# Alten Drucker anschließen



## Schnieder97 (6. Juli 2014)

*Alten Drucker anschließen*

Hallo,

ich habe ein kleines problem mit einem alten Drucker. 
Ich möchte den drucker gerne an meinen neuen PC anschließen, der Drucker unterstützt nur Seriellen Anschluss.
Gibt es die Möglichkeit den Drucker über USB anzuschließen? Oder gibt es da Erweiterungskarten für? 

Gruß 
Schnieder


----------



## Dr Bakterius (6. Juli 2014)

*AW: Alten Drucker anschließen*

So etwas in der Art? Du meintest auch sicherlich den Parallelport


----------



## keinnick (6. Juli 2014)

*AW: Alten Drucker anschließen*

Bist Du sicher, dass es für den Drucker noch Treiber für aktuelle Betriebssysteme gibt?


----------



## Schnieder97 (6. Juli 2014)

*AW: Alten Drucker anschließen*

Nein es ist der serielle anschluss.

Kann ich nicht sagen.


----------



## Dr Bakterius (6. Juli 2014)

*AW: Alten Drucker anschließen*

Genua äh genau, ich würde erstmal nach Treibern schauen.

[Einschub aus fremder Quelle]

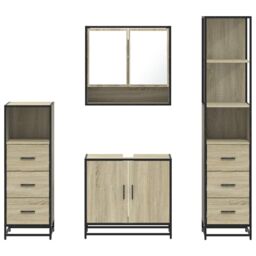 Berkfield Home 4¬†Piece Bathroom Furniture Set¬†Sonoma Oak Engineered Wood in Brown - thumbnail 5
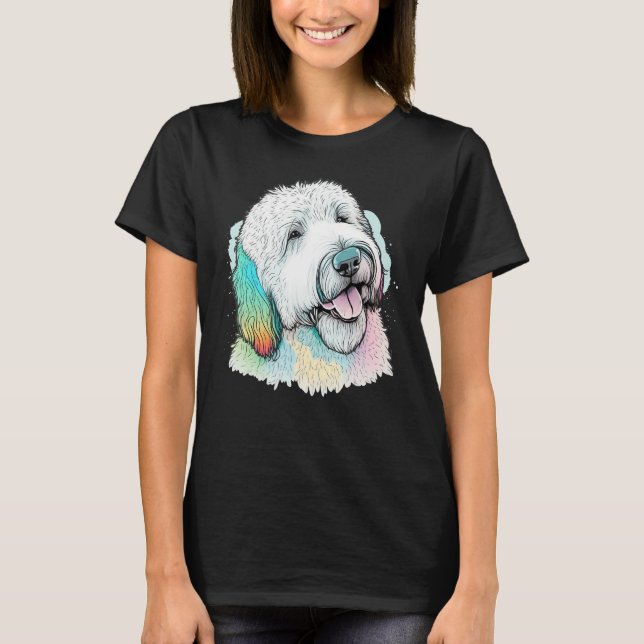 Camiseta Cute Old English Sheepdog Dog on Bobtail (Anverso)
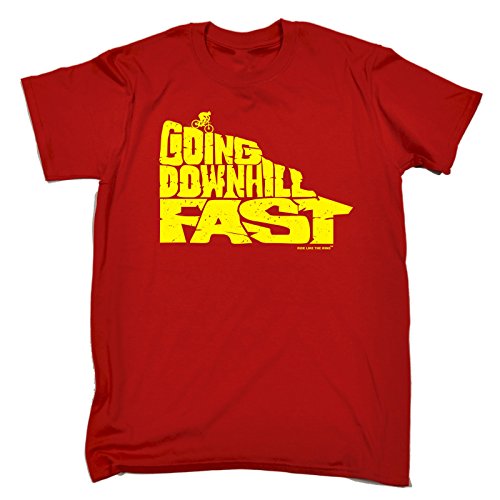 Ride Like The Wind GOING DOWNHILL FAST (L - RED) NEW PREMIUM LOOSE FIT BAGGY T-SHIRT - slogan funny clothing joke novel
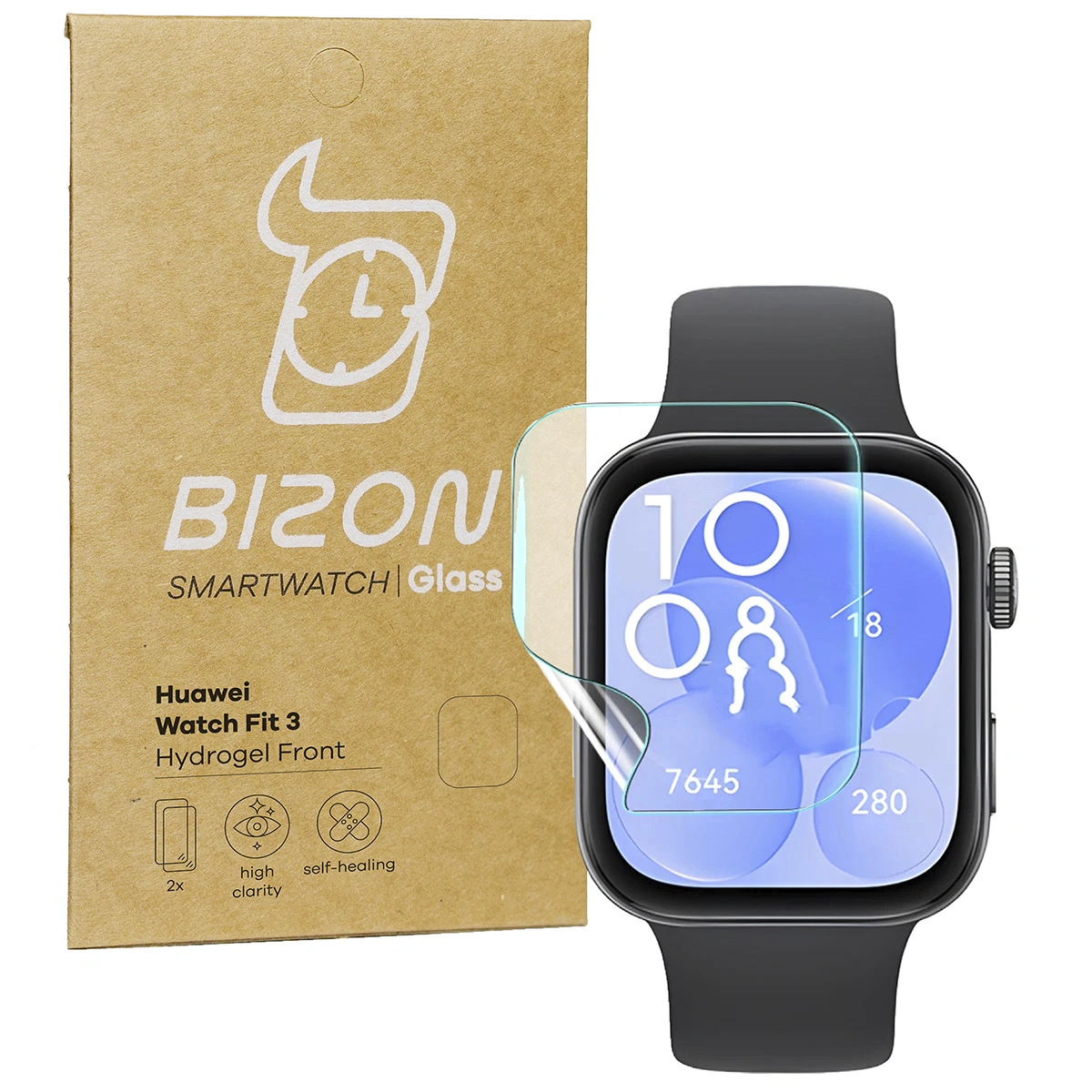 Bizon Glass Watch Hydrogel Huawei Watch Fit 3 [2 PACK]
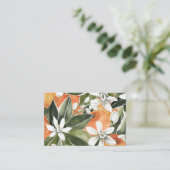Carte De Visite Tropcal Orange & Flowers Watercolor Pattern (Debout devant)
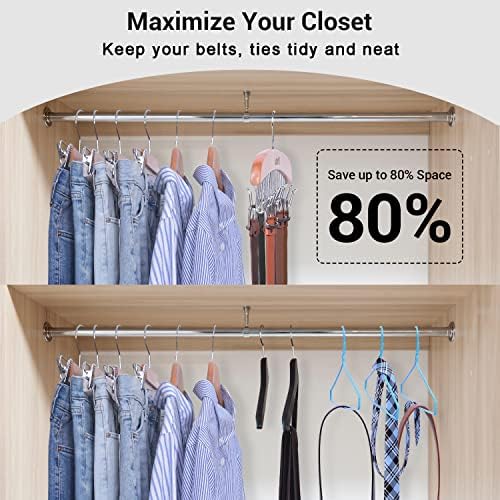 Ohuhu Belt Hanger 12 Hooks Wooden 360° Rotating Closet Organizer - Image 3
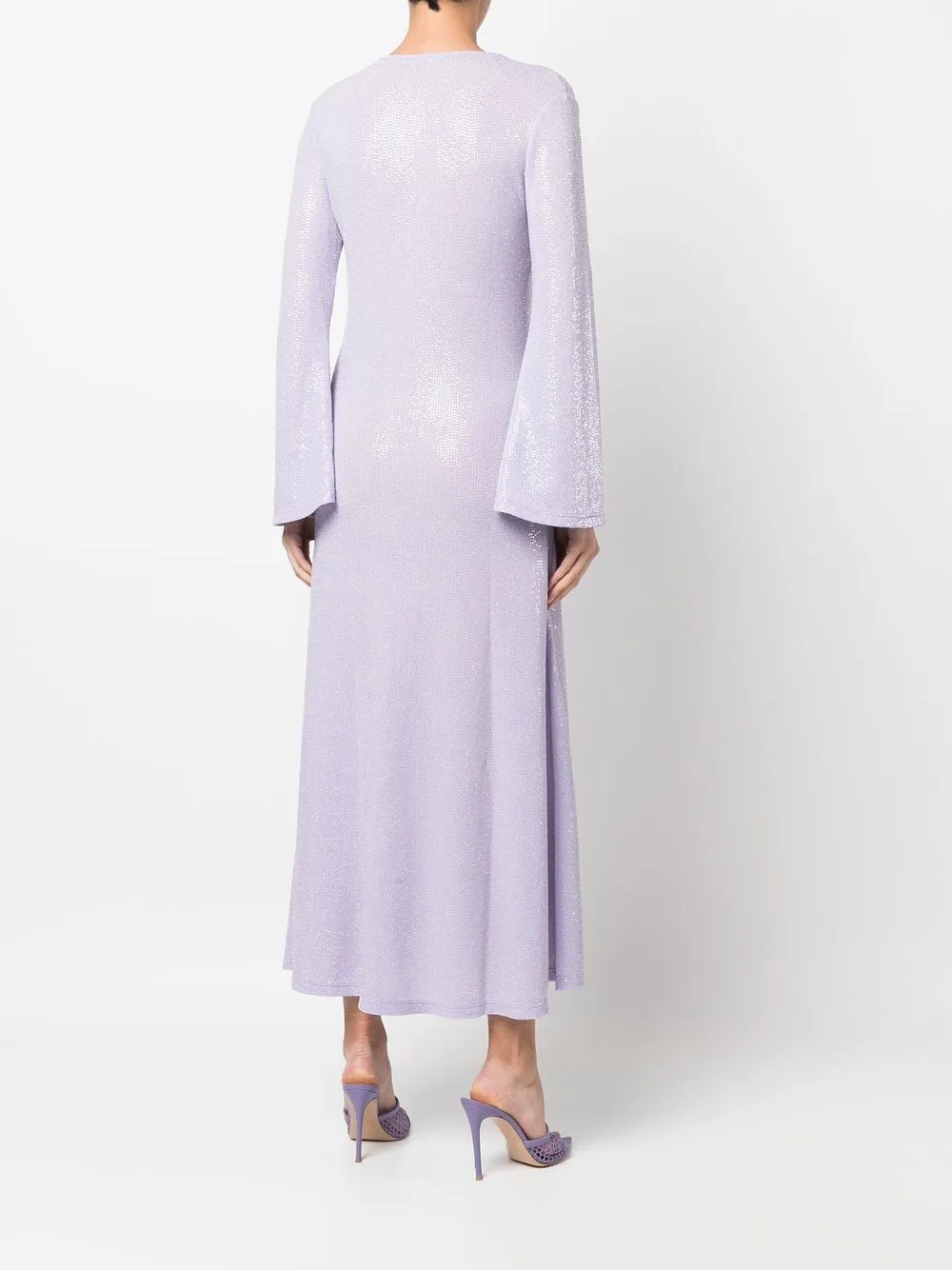 Dodo Bar Or Sequin-embellished Plunge Dress In Purple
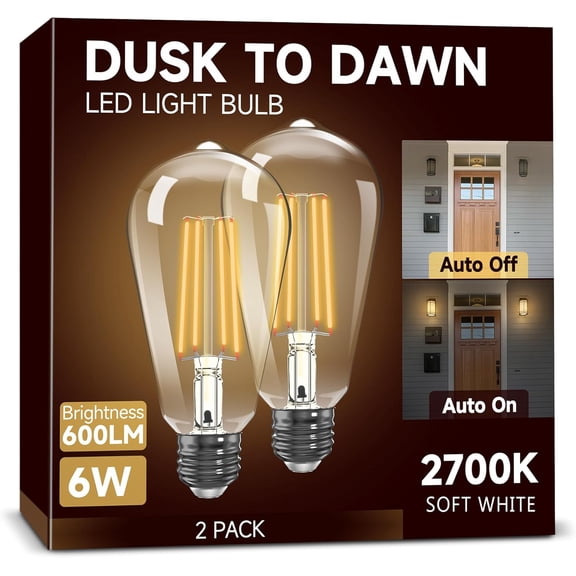 CERPXFF-Dusk to Dawn Light Bulbs, Outdoor Light Bulbs, ST64 6W Equivalent 60W, 2700K Soft White, 600LM LED Outdoor Lighting, E26 Base, Photocell Sensor, Auto On/Off Bulb for Porch Patio Garage, 2 Pac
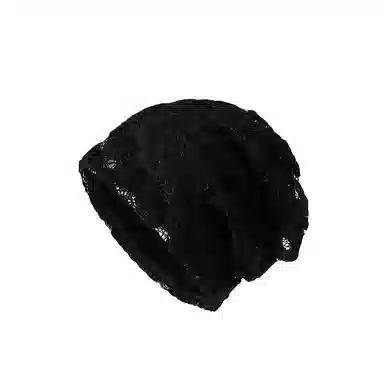 氧气樱桃 镂空花朵针织简约防寒双层针织花朵包头帽 棉 帽子 男女同款情侣款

Dann vielleicht so etwas


----------



## V1p3R0105 (6. Juli 2014)

*AW: Alten Drucker anschließen*

Wie währe es wenn du uns das Modell des Druckers sagst dann kann man schauen was du benötigst


----------



## T-Drive (7. Juli 2014)

*AW: Alten Drucker anschließen*

Bei Druckern halt ich von Adaptern mal überhaupt nichts. Wenn du unbedingt seriell brauchst dann würd ich sowas nehmen

https://geizhals.de/eu/delock-89003-a371298.html

Aber wie oben gesagt, die Treiberfrage klären, obwohl Windows eine Menge an Bord hat, für Drucker.


----------



## Tommi1 (7. Juli 2014)

*AW: Alten Drucker anschließen*

Naja...

Hatte auch diese Karte für meinen alten Laserdrucker (Hp Laserjet 6P) drin.
Hat nur Probleme gemacht bei mir.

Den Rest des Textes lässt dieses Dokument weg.